The flying patterns of a grayling are also important in male–male interactions of territoriality. Initially, when defending a territory, each male grayling flies in a spiral motion, trying to be higher than and behind the other male. When this formation is stabilized, the two male graylings go into an alternating sequence of dives and climbs. At the end, the male that is able to achieve the highest position settles in the territory.

=== Thermoregulation ===
The graylings prefer to live in open habitats, with easy access to the sun. This may be due to their ability to regulate their body temperature using the sun. When the temperature gets too cold, the grayling leans to expose its side towards the sunlight, therefore allowing its wings to gain heat from the sun. "Ground hugging" (with wings tilted all the way to the ground), and shivering (for metabolic heat) are also used when it is particularly cold or cloudy. When the temperature gets too warm, the grayling stands straight on its tiptoes (stilting), exposing its head towards the sun and keeping the majority of its body away, or it moves into the shade.

The male tends to orient its body and wings to control which parts of the body are exposed to the sun.
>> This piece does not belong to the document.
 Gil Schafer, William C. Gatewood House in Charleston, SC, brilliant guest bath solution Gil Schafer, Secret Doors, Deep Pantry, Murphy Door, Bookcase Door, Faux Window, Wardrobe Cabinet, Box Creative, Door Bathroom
This allows the grayling to keep its body temperature as close to the preferred level as possible. Therefore, at lower temperatures, the male grayling exposes as much of its body area as it can to increase the surface area facing the sun. This process is sometimes called sun-basking. This can raise body temperatures by up to 3 degrees Celsius. Contrarily, at high temperatures, the male grayling exposes as little of its body area as possible to the sun. This process can lower body temperatures by up to 2.5 degrees Celsius. At intermediate temperatures, the male grayling is often observed gradually changing his body orientation and posture in order to evenly spread the heat all over his body. This behavior can often be observed by male butterflies defending their territories. Many times, the territories that male graylings defend are specific mating sites. Thermoregulation allows the male butterflies to maximize their efficiency, in order to prepare for optimal flight performance if another male enters the territory.

== Conservation (Great Britain) ==
The grayling has been decreasing in numbers significantly in recent years. While it was not considered of importance before, Hipparchia semele is now considered a priority species for conservation efforts in the United Kingdom.

It is now a UK Biodiversity Action Plan species (Butterfly Conservation, 2007).

=== Habitat loss ===
Much of the Hipparchia semele's common habitats, such as heathlands, have started to become transformed into agricultural land. The dry habitats are occupied by trees and other greenery, reducing the optimal available habitats for the graylings.